China is both the second largest economy and importer in the world. Since its accession into the World Trade Organization in 2001, the country’s gross domestic product has grown from being ranked sixth globally to now representing roughly 15 percent of the world’s GDP. With this economic boom, China is experiencing more liberalization, rising living standards, a growing middle class and changing consumption patterns. Yet, opportunities for U.S. industries to access this burgeoning marketplace continue to be stifled by regulatory barriers and trade disputes.
Now more than ever, the Chinese people are incorporating meat and dairy products into their diets. In its attempts to be self-sustaining, the country has begun not only growing more animals, but also producing more meat, poultry and dairy products. To keep pace with the growing food demands of a growing population, the Chinese feed industry has been scaling up at an average rate of more than 10 percent over the past 20 years, now becoming the world’s largest with a total output of 187.9 million metric tons of feed in 2018. However, the Chinese feed industry continues to be challenged with the difficulites of modernizing production practices to meet the growing demand.
The U.S. feed industry, by comparison, has long been recognized as a leader in the development and deployment of products to increase feed production and feed conversion ratios and reduce production costs, in accordance with stringent food safety regulations. With so much to offer in terms of technology and expertise, it is no wonder that China has become one of the largest single export markets for U.S. feed and feed ingredients, valued at over $394 million in 2018 (excluding alfalfa and hay products). Yet, many regulatory hurdles remain that are reducing the U.S. animal food industry’s access into this burgeoning marketplace.
China’s growing livestock and feed production has led to a surge in feed and feed ingredient imports over the past decades (see Graph 2). Sources forecast continued increased demand for feed and feed ingredients in the years to come. China’s feed ingredient imports under HS 2309 from the world have been growing steadily over the past seven years, from 102 thousand metric tons (TMT) in 2010 to 176 TMT in 2018, up 7%. The value of imports jumped over 98% for the same time period, reaching $461 million in 2018. However, while China’s total feed and feed ingredient imports have been increasing, the United States’ have been declining (see Graphs 1 and 2).

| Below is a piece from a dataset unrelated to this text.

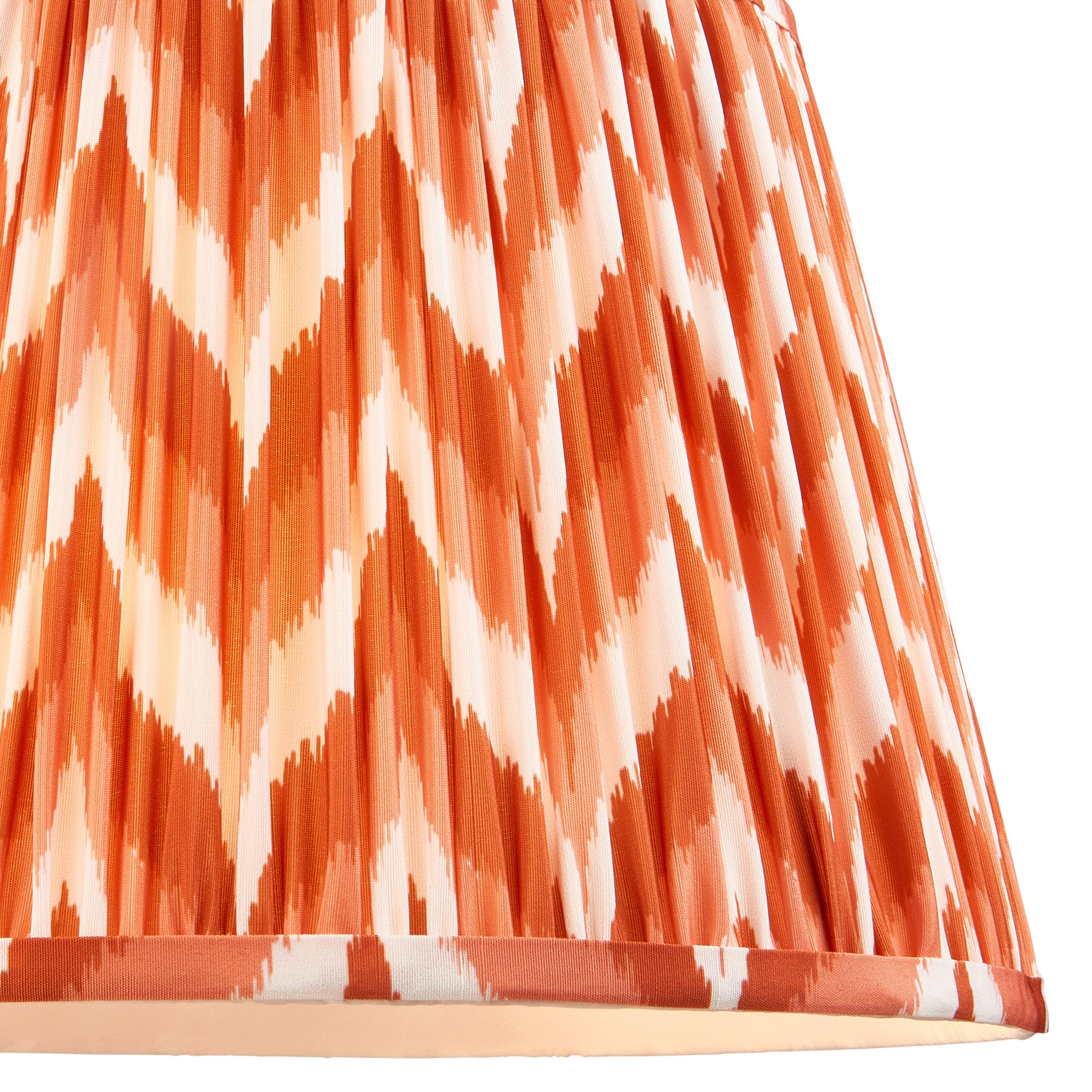 Higgledy White Floor Lamp & Zigzag 35cm Apricot Orange Shade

The American Feed Industry Association continues to work with the U.S. government to advocate for U.S. feed, feed ingredients, pet food and animal food manufacturing technologies to have greater access into the Chinese market by urging China to modify some of its outdated and unnecessary regulatory policies. Ongoing trade disputes between the United States and China, however, challenge the relationship between the two countries, and U.S. animal food manufacturers are at risk of losing their place in this vital marketplace in the future.